Einen wesentlichen Zugang zu den jeweils spezifischen Verhältnissen von Ort, Raum und Repräsentation eröffnet die Auseinandersetzung mit Gedenkstätten als materiellen Gewordenheiten, die mehrere Zeitschichten aufweisen. Konservierung, Verfall und wiederholte Gestaltungsmaßnahmen haben den historischen Ort verändert. Oft sind ganze Bereiche inzwischen unsichtbar geworden oder nur schwer aufzufinden. Zeitspezifische Deutungen haben sich im Umgang mit den baulichen und landschaftlichen Hinterlassenschaften solcher Tatorte niedergeschlagen. Sie waren und sind immer Bestandteil und Ausdruck der Geschichte eines bestimmten Staates, seiner Gesellschaft und ihrer Zeit. Werden historische Orte als Gedenkstätten gestaltet und genutzt, unterliegen ihre Gestaltungen und die ihnen zugeschriebenen Bedeutungen und Aufgaben dem Wandel von Geschichtspolitik und Erinnerungskultur, die sie zugleich mitgeprägt haben.

Abb. 2: Blick durch das Eingangstor zum Häftlingslager des früheren KZ Sachsenhausen auf das zentrale Mahnmal von 1961 (Postkarte, ca. 1967)

Inzwischen sind an vielen Orten der Welt Gedenkstätten entstanden. Sie haben sich zu einer neuen, distinkten Institution des kulturellen Gedächtnisses entwickelt. Im soziologischen Doppelsinn dieses Begriffs sind sie zum einen Organisationen, in denen bestimmte Praktiken von gesellschaftlicher Relevanz objektiviert werden. In idealtypischer Weise operieren sie gemäß organisationsspezifischer, generalisierter und transparent gemachter Regeln. Sie weisen klar erkennbare Arbeitsbereiche, Strukturen und Prozesse auf, denen diversifizierte Kompetenzen, Ziele und Strategien entsprechen. Außenstehenden treten sie als Organisation klar und deutlich erkennbar gegenüber, unter anderem durch rechtliche Regelungen, ihren Namen und ihren Sitz sowie – gerade im Fall von Gedenkstätten – materielle Besonderheiten.

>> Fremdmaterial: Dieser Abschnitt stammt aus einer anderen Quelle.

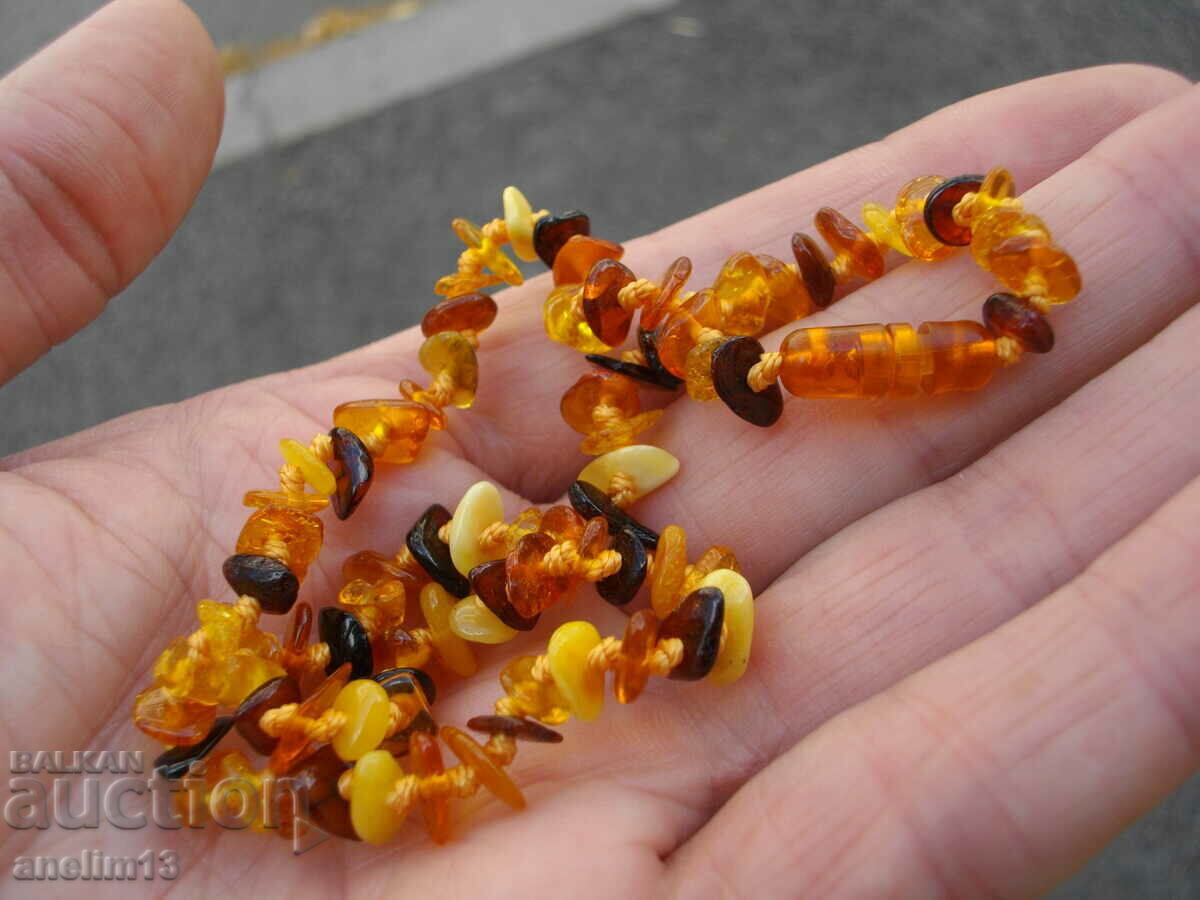 Delivery of NECKLACE NECKLACE NATURAL BALTIC AMBER Delivery of NECKLACE NECKLACE NATURAL BALTIC AMBER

Zum anderen sind Gedenkstätten durch das, wofür sie stehen, Institutionen im Sinne von Normen, Narrativen und Praktiken geworden, die dazu beitragen, geschichtsbezogene Deutungen und Praktiken von Gesellschaften zu regulieren. Gedenkstätten erfüllen die drei dafür wesentlichen Kriterien: Sie strukturieren und gewährleisten gesellschaftlich anerkannte Formen sozialer Praktiken und Kooperationen, sie sind wesentlich an der sinnhaften Ausgestaltung gesellschaftlich relevanter Handlungsfelder, den Selbstdeutungen von Politik und Gesellschaft sowie der sozialen Integration beteiligt, und sie gründen inzwischen auf einer breiten politischen und gesellschaftlichen Anerkennung. So strukturieren sie – wenngleich in unterschiedlichen Entwicklungsstadien und vielen orts- wie themenspezifischen Ausprägungen – in erheblicher Weise das politische, gesellschaftliche und öffentliche Feld des Umgangs mit der mit ihnen verbundenen gewalthaften Vergangenheit.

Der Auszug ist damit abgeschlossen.